Secondly, the intensification of technological competition has posed challenges for Intel. The technological breakthroughs of TSMC and Samsung in advanced nodes have made it more difficult for Intel to catch up. Although progress has been made in the 18A node, it will take time and money to achieve technological transcendence. The market’s expectations for this transcendence have also increased Intel’s pressure. Whether it can continue to optimize in controlling costs and accelerating research and development will determine its future market share.
In addition, the risk of restructuring should not be underestimated. Intel has improved profitability through layoffs and cost optimization, but it is unclear whether short-term measures can bring lasting effects. Especially during the layoff process, the stability of the technical team and business continuity are crucial to the company’s execution and innovation, and the impact of restructuring may take several quarters to fully manifest.
Finally, Intel’s positioning transformation in the foundry market will also take time. As a traditional chip giant, its foundry business customers and demands are different from the original model. If Intel cannot quickly expand its share in the foundry market, it may affect its return on investment and increase its financial burden.

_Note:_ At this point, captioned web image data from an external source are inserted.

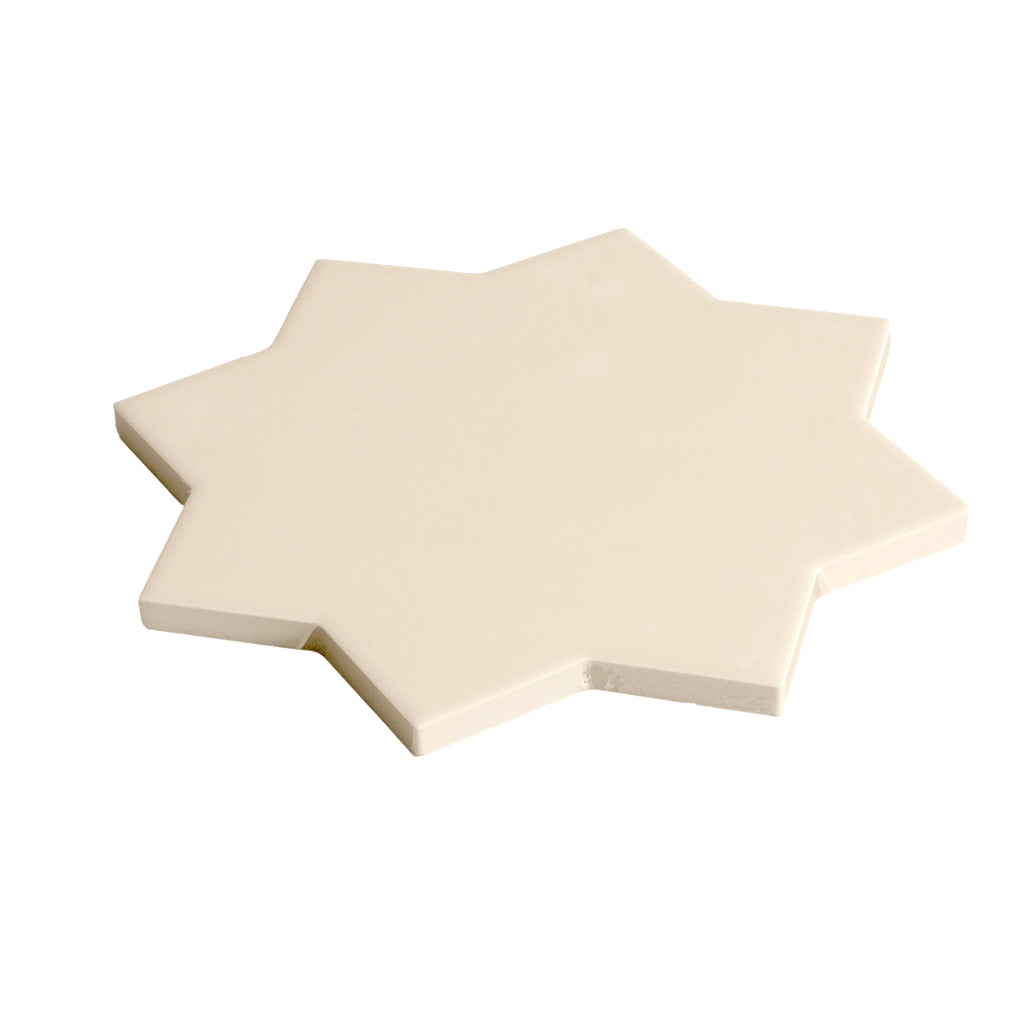 Ecru Taupe 7x7 Matte Star Porcelain Tile (34 pack, 5.31 sq ft/case)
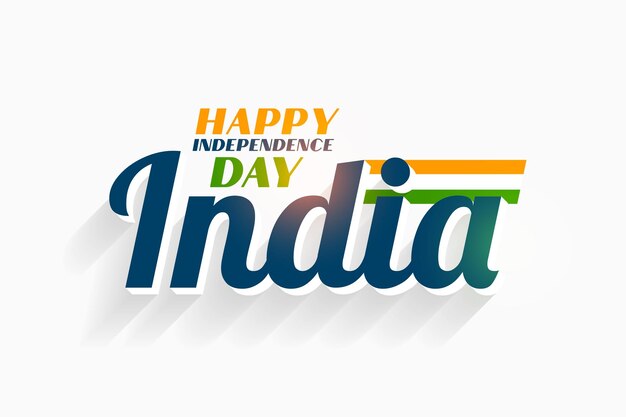 Leuke gelukkige onafhankelijkheidsdag van de achtergrond van India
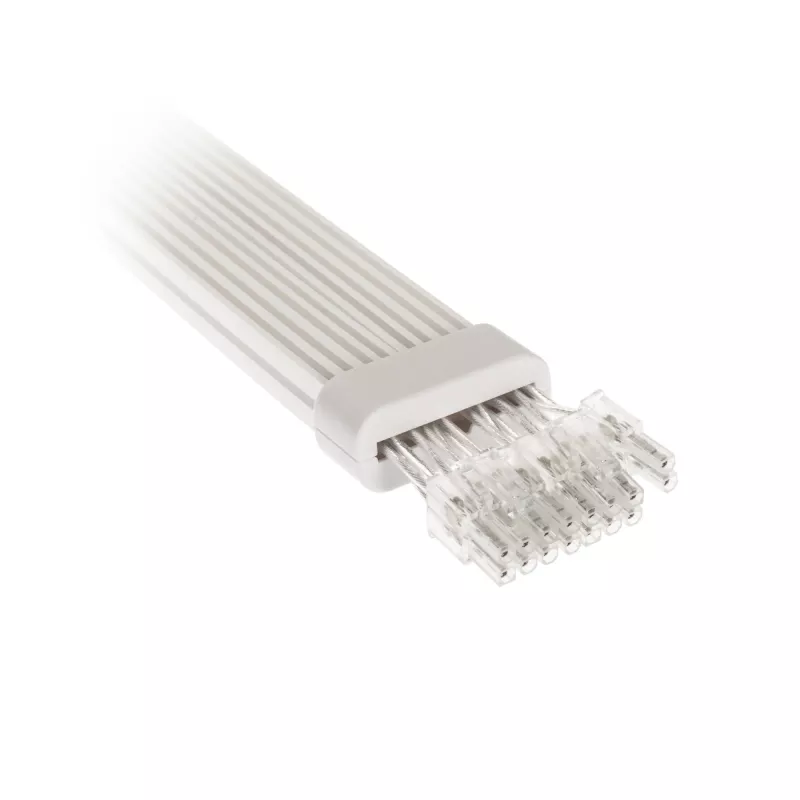 PCI-E 8 kontaktu pagarinātāja kabelis Kolink Umbra Radiant ARGB — dubults 2× 8 kontaktu, pīts pagarinātājs GPU barošanai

Therefore, although the recovery prospects are promising, the future road is still full of uncertainty, and investors need to be vigilant about related risks.
Overall, Intel is in a critical period of transformation. Despite a record loss in the third quarter, market confidence has partially recovered and the stock price rebound reflects investors’ expectations. The company’s layout in areas such as Data Center, AI PC, and 18A nodes has laid the foundation for future growth, but the competitiveness, technological progress, and restructuring effectiveness of the foundry business still need time to be verified. In the long run, if Intel can effectively balance innovation and market expansion, it may gradually recover its performance and re-establish its market position, but investors still need to be vigilant about potential uncertainties and market fluctuations.